The observation is said to have been made under bad weather conditions and the recorded video was put through “DeTeCt”, a software tool developed by Delcroix to catch planetary impacts.

Twitter account “ESA Operations”, belonging to the European Space Agency, took note of the observation. “Not a lot of info on the impacting object yet but its likely to be large and/or fast!” a tweet said, thanking Jupiter for its “planetary defence”.

By virtue of its large size — Jupiter is so big that more than 1,300 earths could fit inside it — the gas giant that is more than twice as massive as all the other planets combined, takes hits from large and rapidly flying objects in space. In the process, it protects its small planetary neighbours, among them Earth.

Whether this strike has left an atmospheric scar on Jupiter will be revealed by follow-up observations.

For now, at least two other amateur astronomers, Harald Paleske in Germany and Jean-Paul Arnould in France, have confirmed the 13 September Jupiter impact.

The capture by members of Société Lorraine d'Astronomie, Arnould among them, using a 62 cm F/15 telescope from the Astroqueyras observatory in St-Véran, France, aligns with the date and time specified by Pereira.

Before this, a Jupiter impact flash was observed on 7 August 2019 at 4.07 Universal Time, detected by astrophotographer Ethan Chappel.

Going further back in time, impact flashes were observed in the years 2017, 2016, 2012, 2010, and 2009, as noted in Italian amateur astronomer Ernesto Guido’s blog about comets and asteroids.

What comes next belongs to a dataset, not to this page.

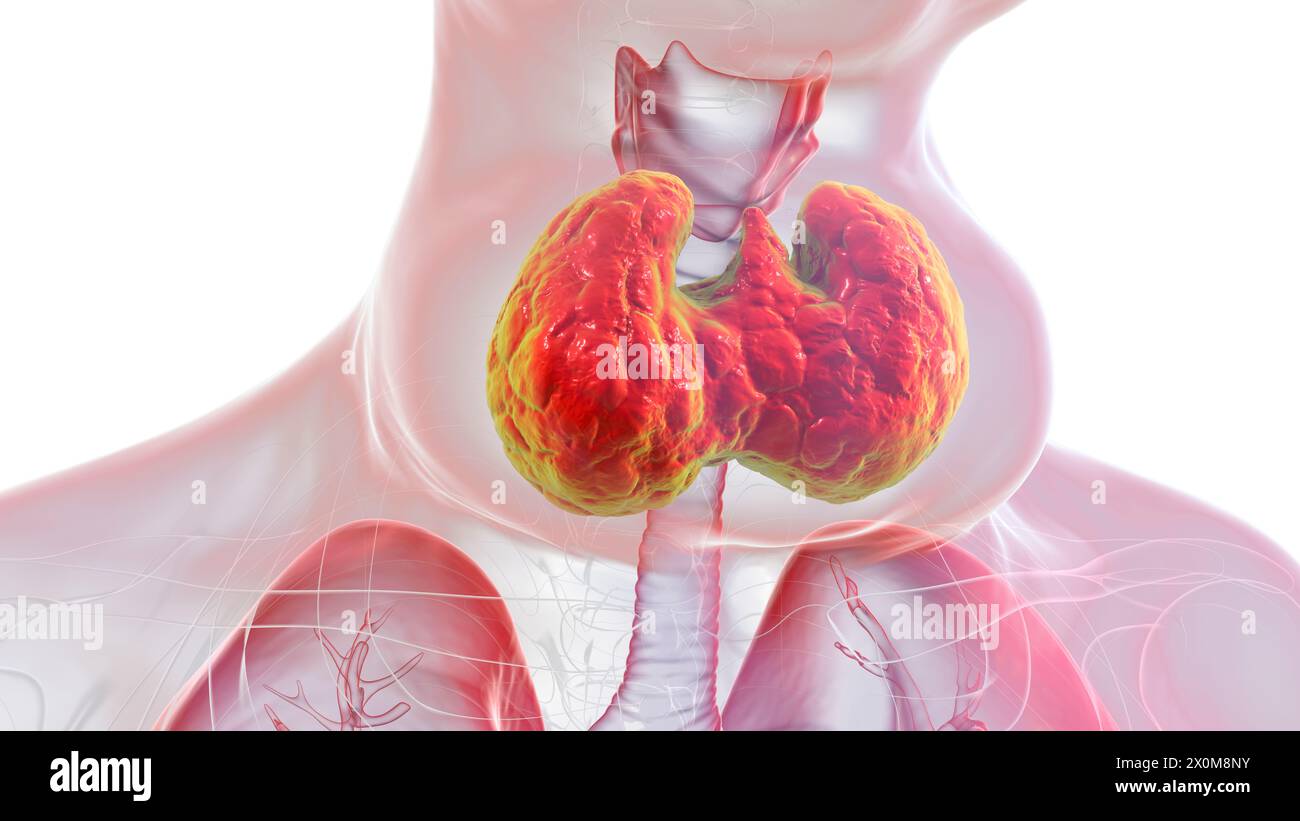 3D illustration of a woman with an enlarged thyroid gland, known as a ...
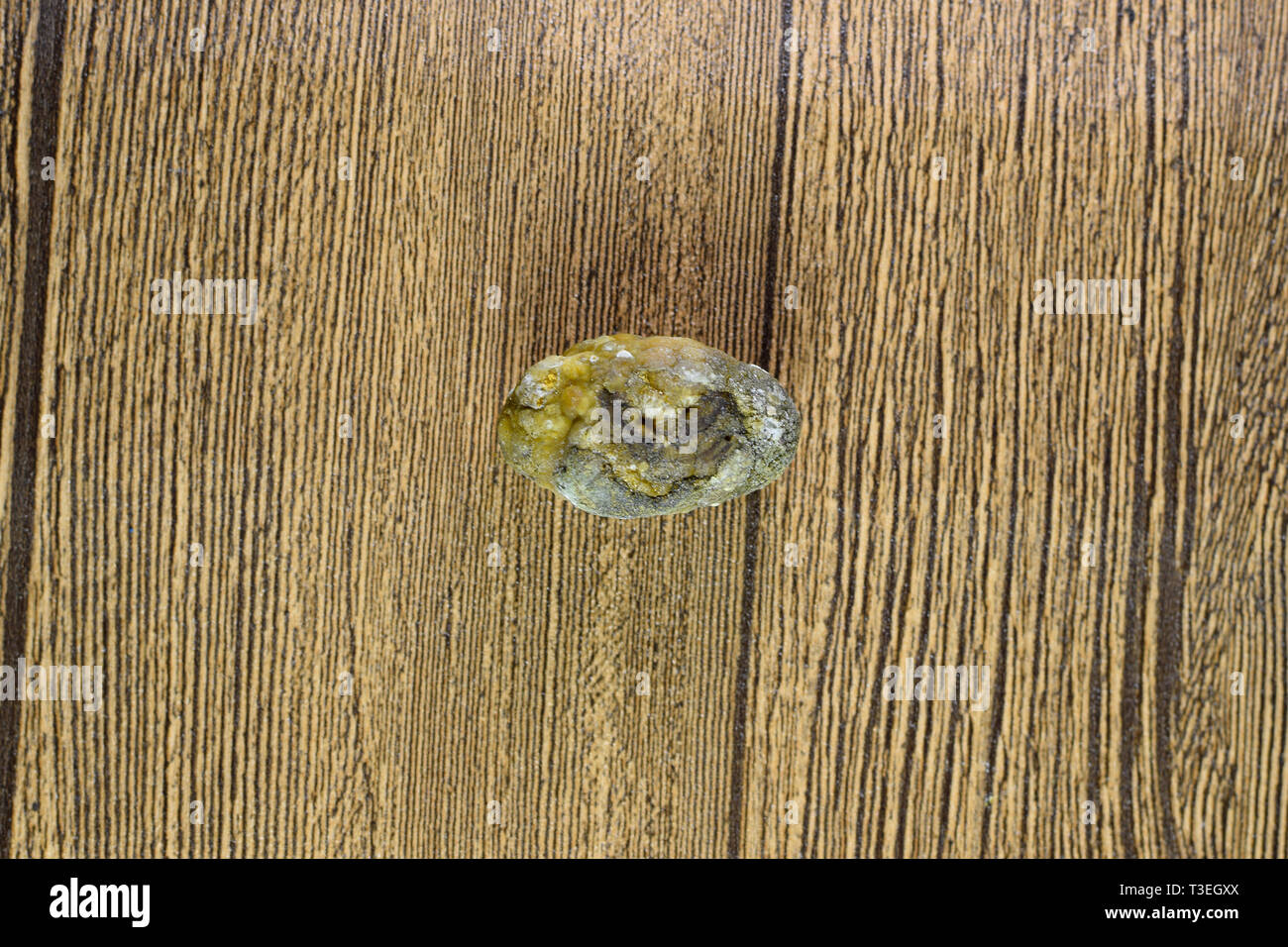 Grandi gallstone, cistifellea pietre. Il risultato dei calcoli biliari. Calcolo della composizione eterogenea Foto Stock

Perhaps, the most famous of the hits taken by Jupiter was by the comet Shoemaker-Levy 9, named after its discoverers Eugene and Carolyn Shoemaker and David Levy.

The comet had gotten too close for comfort to the gas giant, only to then be shredded by tidal forces resulting from Jupiter’s gravity.

The resulting pieces of the comet went around the planet for about two years until they smashed into it at about 60 kilometres per second in 1994, producing several impacts captured most prominently by the Galileo orbiter of the National Aeronautics and Space Administration (NASA).

According to NASA, the impacts left “dark, ringed scars” that remained for almost a year before being swept away by Jupiter's winds.

Carolyn Shoemaker passed away just last month, on 13 August 2021, with her co-discoverer Levy writing her obituary for the journal Nature.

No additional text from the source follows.